The on-line world of Archival Science includes blogs relating to news and services from archival repositories as well as personal blogs written by people working, volunteering, and researching in archives. Identifying these genres helps make clear the broader context for this blog project, as does the museum perspective comment contributed yesterday by INDE Curator K. Diethorn:

I'm very interested in how users (particularly students at all levels) would like to access the park's archeological reports and for what purposes. Ultimately, this kind of information can suggest potential program ideas (e.g. exhibits) that really speak to what visitors (real and virtual) want to know about archeological material culture.

1 comment:

  1. As a professional archaeologist, I am often looking for comparative data for projects. An easily accessible (i.e. via the web), annotated bibliography of available reports would be a huge help in accessing INDE's information.
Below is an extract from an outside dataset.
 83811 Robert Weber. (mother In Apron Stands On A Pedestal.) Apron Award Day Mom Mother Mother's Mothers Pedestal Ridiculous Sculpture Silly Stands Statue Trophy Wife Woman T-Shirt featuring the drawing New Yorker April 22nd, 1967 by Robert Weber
    If the annotation information included even very basic information, including type of site (i.e., domestic, tavern, stable, etc.), occupation dates, and other site specific information (i.e., ethnicity of occupants, identification with significant people or events, presence of prehistoric components), that would be enough information to know if I should follow up with the Park regarding additional access to the reports/collections.
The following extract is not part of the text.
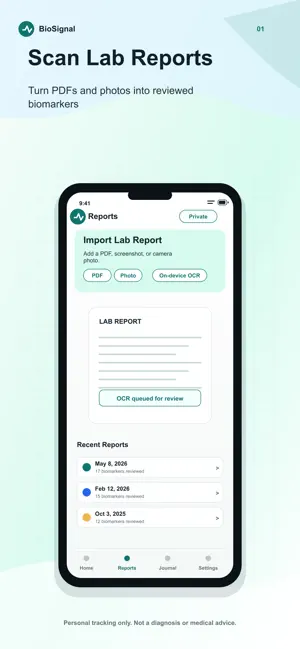 BioSignal Blood Test Tracker screenshot 1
    As a museum visitor (in general), I often find a disconnect between information recovered from archaeological sites/archaeological artifacts and archaeological methodology. The hows and whys of archaeology are often not presented, leaving a sense with visitors that it is the stuff that is important, and not its context. There is also a tendency to display the biggest, shiniest, coolest artifacts. These, however, are often not the artifacts that provide the richest information about the everyday lives of people who lived and worked at a particular site. I find these things very frustrating, and I think they leave the public with a very skewed view of what archaeology is, how it works, and why it is important.